Evan D. Bernick (Northern Illinois University – College of Law) has posted We the Killers: The Law of Settler Violence and Native Persistence Beyond 'Flower Moon' (34 Pages Posted: 27 Dec 2023) on SSRN. Here is the abstract:
"Killers of the Flower Moon" will not soon be forgotten by anyone who encounters it. David Grann’s book and Martin Scorsese’s film tell a story of horrific anti-Indigenous violence with which Americans must reckon. This Essay is about what both Killers leave out about anti-Indigenous violence, the persistence of Native nations and peoples, and American law—and why the omissions matter.
Few directors put more physical violence on screen than Scorsese, and his Killers is characteristically brutal. In this it is faithful to Grann’s essential history of the Osage Reign of Terror—a mass-murder conspiracy that claimed the lives of countless citizens of the Osage Nation during the 1920s. This is a story of shooting, bombing, beating, and poisoning, by people who looked at the Osage and their land as obstacles to be eliminated and resources to be extracted.

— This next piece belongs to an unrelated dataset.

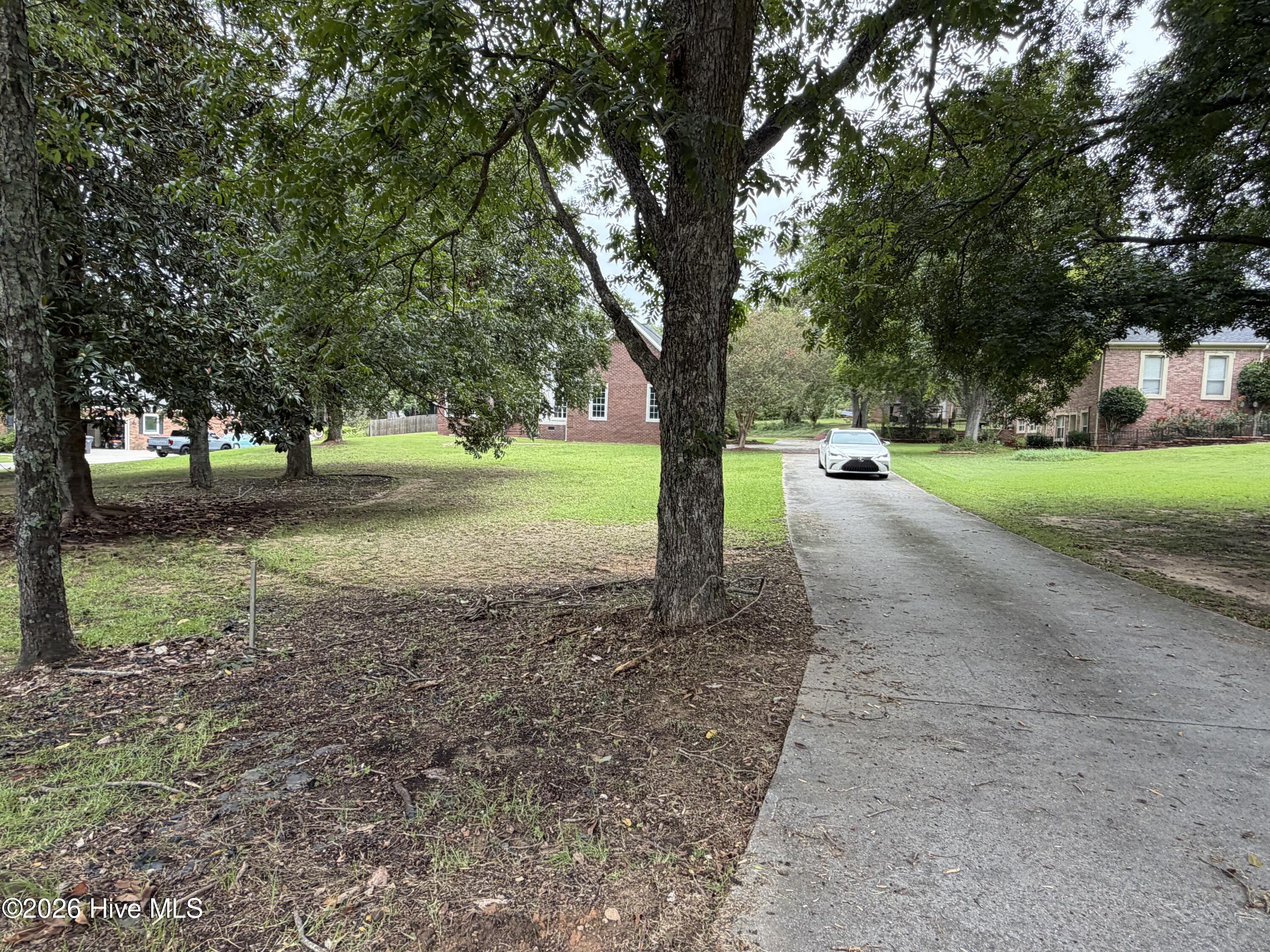 Photo 3 of Single family home for sale at 4807 Hereford Farm Rd, Evans, GA 30809 | MLS# 100608048 | Listing updated on 2026-10-07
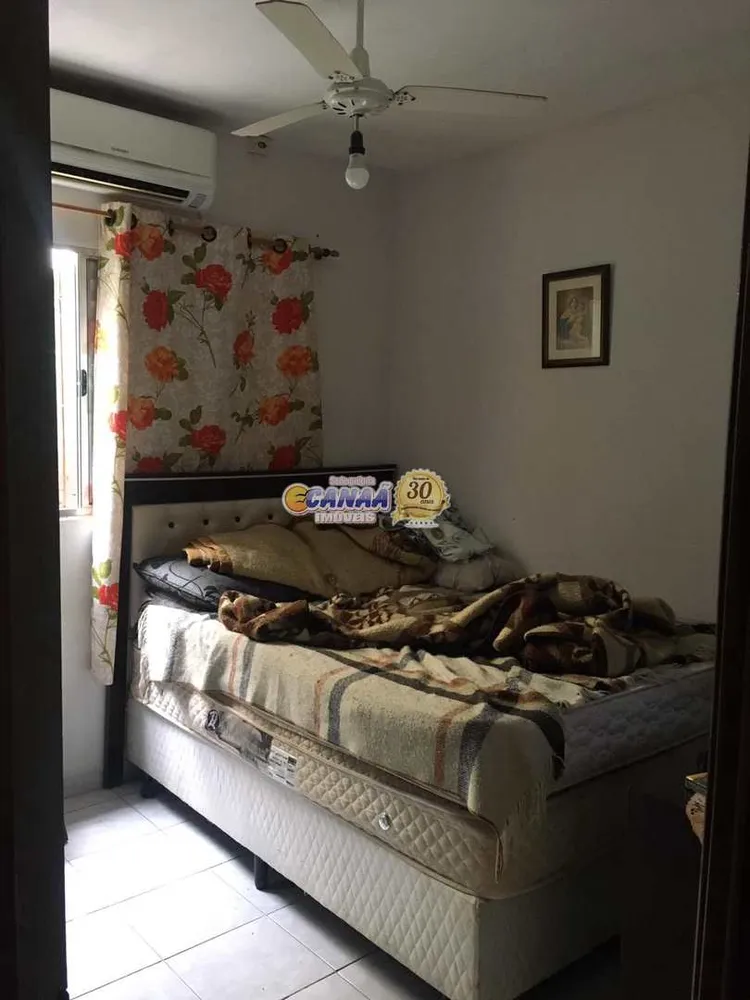 Casa, 2 quartos, 110 m² - Foto 8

But there is more to the story. More and different kinds of violence, more killers, more Native resistance. And a great deal of this violence, killing, and resistance was and is enacted and structured through and by law. American law follows and facilitates settler colonialism, consisting in the removal, dispossession, and political domination of Native peoples, to the end of their elimination as peoples. It has also been shaped, resisted, and evaded in ways that make apparent that Native peoples are not helpless victims of settler-colonial violence. And non-Native readers and viewers of Killers have more to do by way of solidarity in the face of this ongoing violence than to acknowledge their settler privilege.